I first experimented with WSL2 as a daily development environment two years ago. Things were still pretty rough around the edges, especially with JetBrains' IDEs, and I ended up buying a dedicated Linux workstation so I wouldn't have to deal with the pain. 

Unfortunately, the Linux box developed a heat management problem, and simultaneously I found myself needing a beefier GPU than it had for working on multi-vector encoding, so I decided to give WSL2 another try.

Here's some of the highlights and lowlights. TLDR, it's working well enough that I'm probably going to continue using it as my primary development machine going forward.

The Good

  • NVIDIA CUDA drivers just work. I was blown away that I ran conda install cuda -c nvidia and it worked the first try.
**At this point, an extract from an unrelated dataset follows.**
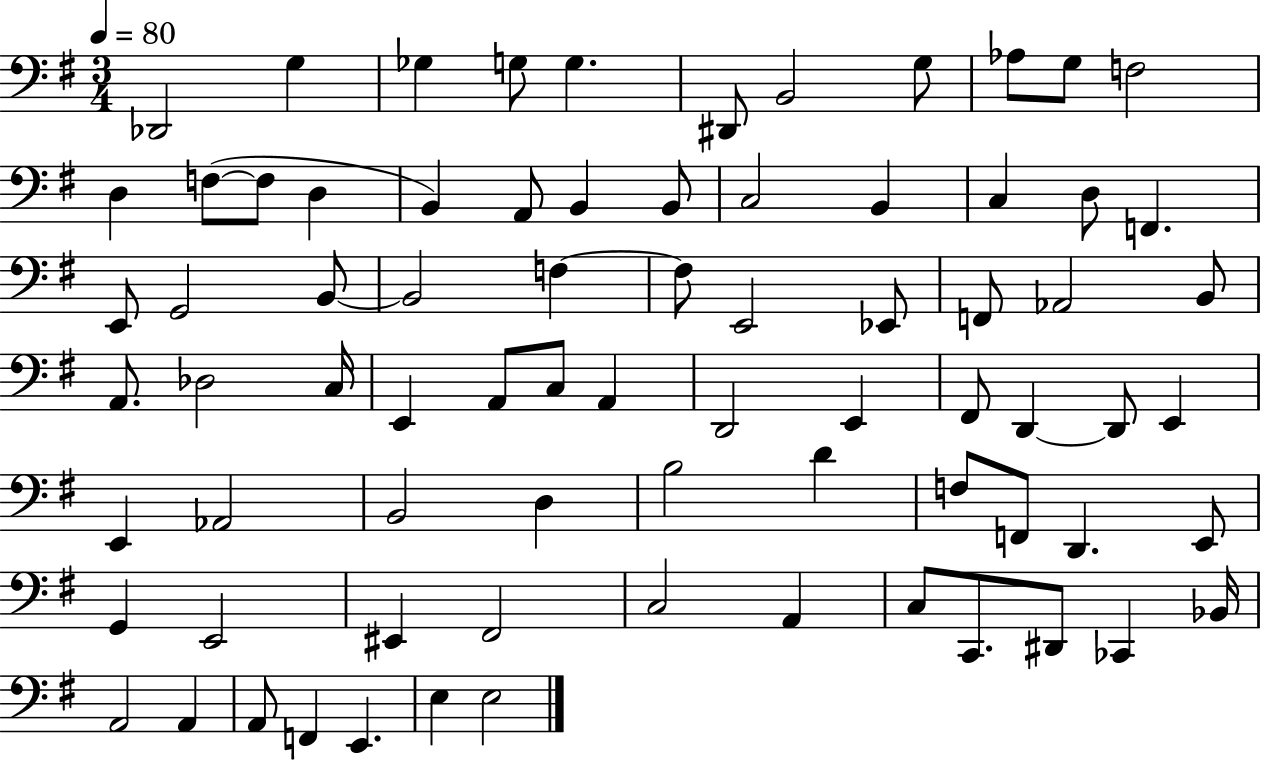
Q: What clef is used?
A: bass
No farting around with Linux kernel header versions or arcane errors from nvidia-smi. It just worked, including with PyTorch.
  • JetBrains products work a lot better now in remote development mode. I was a good citizen and filed half a dozen bug reports with the rough edges I'm still seeing (the most aggravating is related to the diff window, and profiling Cassandra inside WSL2 still doesn't quite work), but it's usable enough that I can overlook the problems. 
  • Windows Terminal is surprisingly good. It really does make it feel like a seamless single system with very few hiccups.
  • It's nice being able to use Windows tools like SpeechPulse in my development workflow. Yes, I know you can roll your own Whisper transcription, but I'd rather let someone else deal with the corner cases and turn it into a product for me. 
  • The performance of ext4 running inside a virtual disk image on NTFS seems to be... perfectly fine?  I haven't formally benchmarked it, but after throwing a bunch of fairly demanding work at it, including running local Cassandra vector search with 10s of millions of rows, it isn't noticeably slower than native ext4 was. 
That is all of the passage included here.